In manufacturing, information technology (IT) and operational technology (OT) have been able to maintain separate camps. OT controls the shop floor by manipulating, coordinating and communicating with PLCs, CNC equipment, SCADA systems and more. While on the other hand, IT services the business, design and engineering sides with networks, servers and storage.
In telecom, we have experienced a similar predicament between IT and Communications services. I remember standing on the IT banks 15 years ago, shaking my head at the Communications Camp across the river. Phone systems were moving away from proprietary analog technologies and beginning to operate over “Internet protocols” for services like VoIP which were in IT’s domain. Many technology firms remained firmly rooted in either the IT or Communications Camps across the river from one another. Then, over time, we started to build a bridge and found our common language while maintaining our individual dialects. From this effort, we were able to grow our business while helping clients bridge their internal technology gaps.
In the same spirit, IT and OT teams need to build bridges to help their organizations thrive in this age of digital transformation. As I’ve been working to understand this converge with decidedly IT-focused eyes, a few key areas where bridges should be built include:
- Data: OT generates, consumes and acts on large streams of data in real time. IT stores, secures and protects vast volumes of data for consumption over time. Developing an understanding of the nature of data, where it is consumed and how it is processed challenges both IT and OT.

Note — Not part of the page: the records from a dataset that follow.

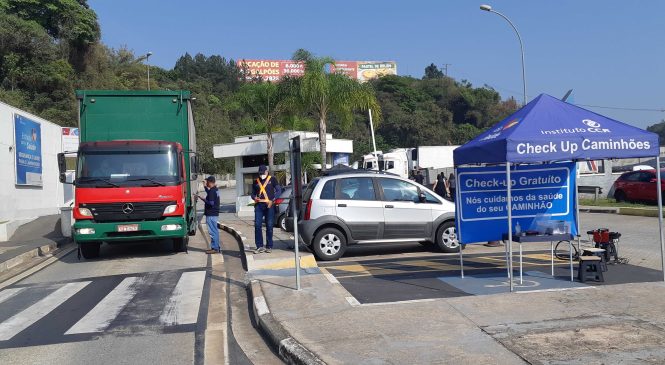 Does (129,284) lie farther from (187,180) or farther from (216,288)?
(187,180)

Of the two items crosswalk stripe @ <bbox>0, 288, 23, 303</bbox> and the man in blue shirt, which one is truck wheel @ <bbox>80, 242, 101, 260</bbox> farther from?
crosswalk stripe @ <bbox>0, 288, 23, 303</bbox>

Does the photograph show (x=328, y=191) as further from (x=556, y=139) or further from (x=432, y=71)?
(x=432, y=71)

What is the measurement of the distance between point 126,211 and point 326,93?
43.4ft

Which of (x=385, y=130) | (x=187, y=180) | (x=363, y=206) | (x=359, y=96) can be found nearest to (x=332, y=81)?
(x=359, y=96)

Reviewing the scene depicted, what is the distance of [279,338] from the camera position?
6121mm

- Security and safety: OT and their systems protect workers from injury and equipment from failure. IT protects the network and data from external attacks, as well as internal mishandling. The recent Norsk Hydro cyberattack shines a light on IT’s need to prepare and protect against attacks. IT and OT will be required to work together to better understand the vulnerabilities and risks OT systems present to production and business.

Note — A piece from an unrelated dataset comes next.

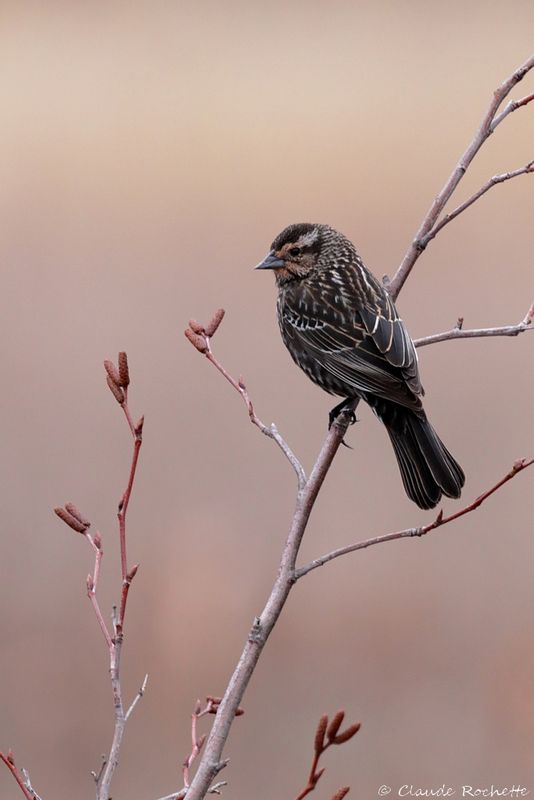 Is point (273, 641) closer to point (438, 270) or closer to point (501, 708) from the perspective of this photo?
point (501, 708)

- Unity and separation: While IT and OT need to build their bridges, they should still know the lanes in which they operate. This should be similar to the way IT and Communications came together. We each have our own responsibilities, but we work effectively together in our areas of common ground.
It’s time to challenge IT and OT to wade into the river and start setting a foundation for a bridge. As a result, manufacturing will benefit from greater stability and productivity.
Have you thought about how IT and OT can work together efficiently at your organization?